1. Introduction & Objectives
Our vision: A world where the multitude of values of nature held by peoples is respected, where natural resources are used within local and planetary boundaries and where benefits and burdens from the use of nature are equitably spread within and across societies and generations.
Our objective: The objective of this TWG is to promote principles of strong sustainability and environmental justice in valuation methodologies, advance the science and practice of ecosystem service valuation, and create awareness on the social, ecological, and economic implications of valuation choices.
Any decision-making involves choices and trade-offs, consciously or sub-consciously. To make balanced and transparent decisions, as much information as possible about all the trade-offs involved is essential.

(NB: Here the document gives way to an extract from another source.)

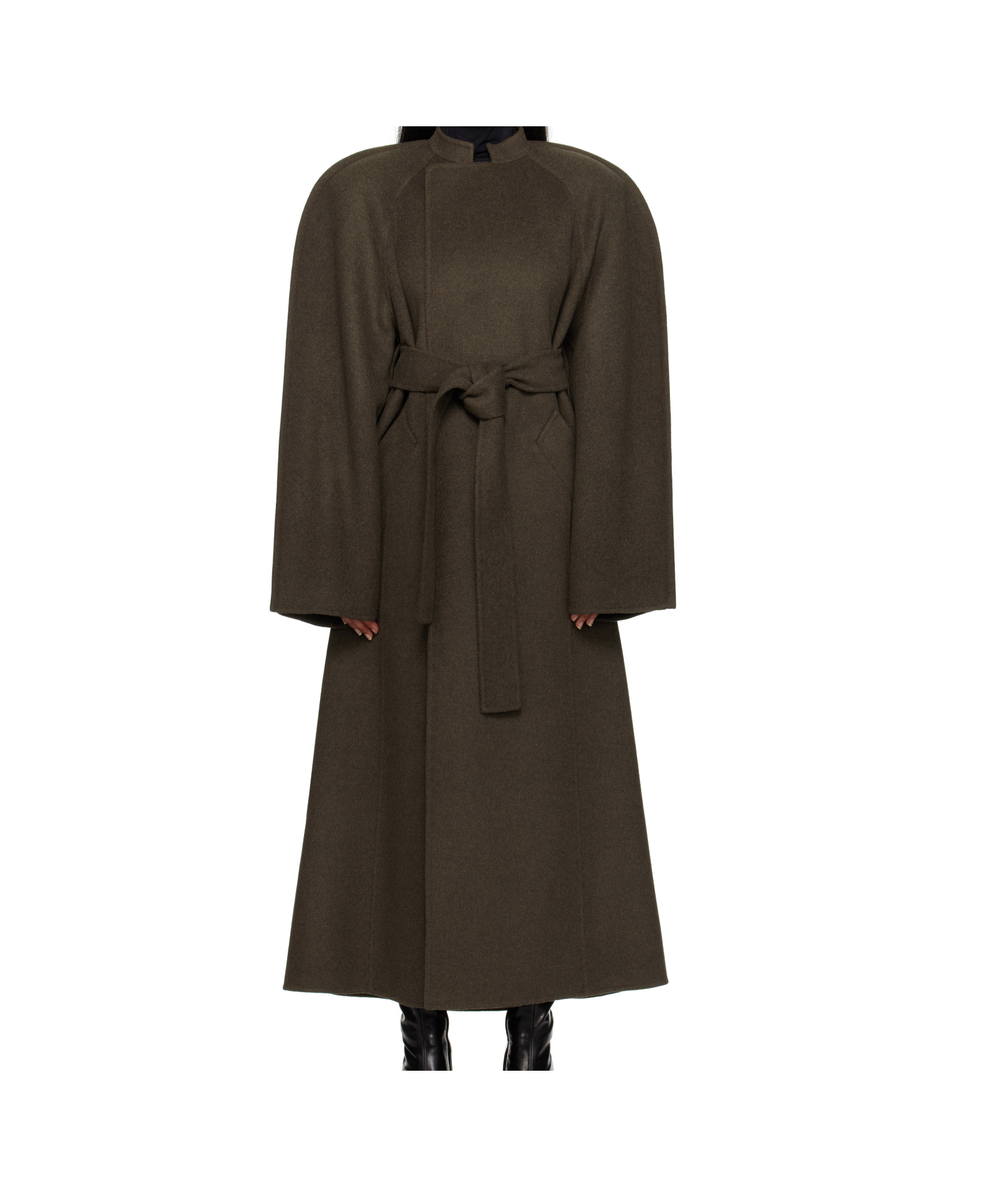 Khaite Rothen Belted Double Face Wool Coat In Black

The values of nature, its benefits and good quality of life can be expressed in many ways. Trade-offs often occur between different types of values. These trade-offs cannot be captured with single-value perspectives. Monetary, non-monetary, qualitative, quantitative, legal institutions, ethical norms, … Value Integration deals with the methodological challenge of consistently combining a diversity of value systems in resource use decisions, aiming at making decisions more transparent.
2. Lead Team & Members
- Sander Jacobs, Research Institute for Nature and Forest (INBO), Brussels, Belgium
- Nicolas Dendoncker
- Erik Gómez-Baggethun
- Joachim H. Spangenberg
- Kati Vierikko, University of Helsinki, Finland
- Luke Brander, Hong Kong
- Jana Frelichova, CzechGlobe, Brno, Czech Republic
If you are interested in becoming a member of this Working group, please click here.

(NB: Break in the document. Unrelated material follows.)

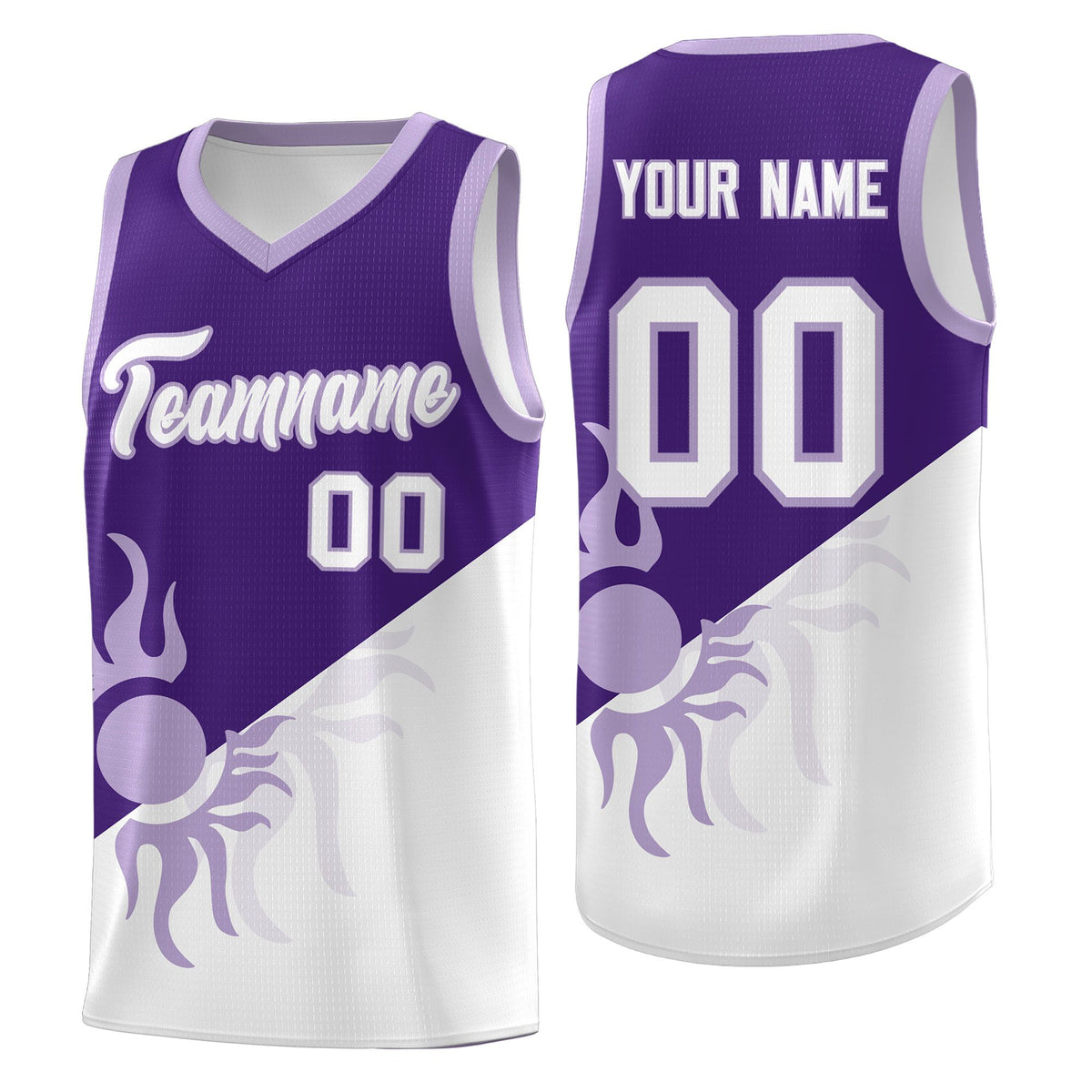Custom Youth Basketball Jerseys - Purple White Sunburst Design Two Tone Uniforms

Our working group is organized as horizontal and informal as possible.
3. More Information
The TWG was founded at the Bali 2012 conference from two special sessions on sustainability and justice issues, and intense nightly debates.
We have had very productive and interactive sessions at the Costa Rica 2013, South Africa 2015 and Antwerp 2016 conferences, and have built a close partnership with the Integrated Valuation working package of the FP7 OpenNESS project, delivering lead authors for IPBES assessments and support units, linking up with Future Earth’s program on Ecosystem change and Society, etcetera.
The group has been growing steadily every year, and the topic of integrated valuation is now percolating in important initiatives such as the IPBES assessment valuation guidelines.
Researchers from different disciplines, be it economists, ecologists, political scientists, lawyers, etc. are realizing that we need to solve the integration challenge rather than focusing on weaknesses of each other’s’ methods. Integrated Valuation is becoming mainstream, as more and more engaged researchers realize that where problems are complex, so will the solutions be.
The working group has been leading a special issue on integrated valuation in the Ecosystem Service Journal, and some of our members are publishing highly relevant papers continuously, engaging in complex and sometimes difficult case studies, and working hard to move the field.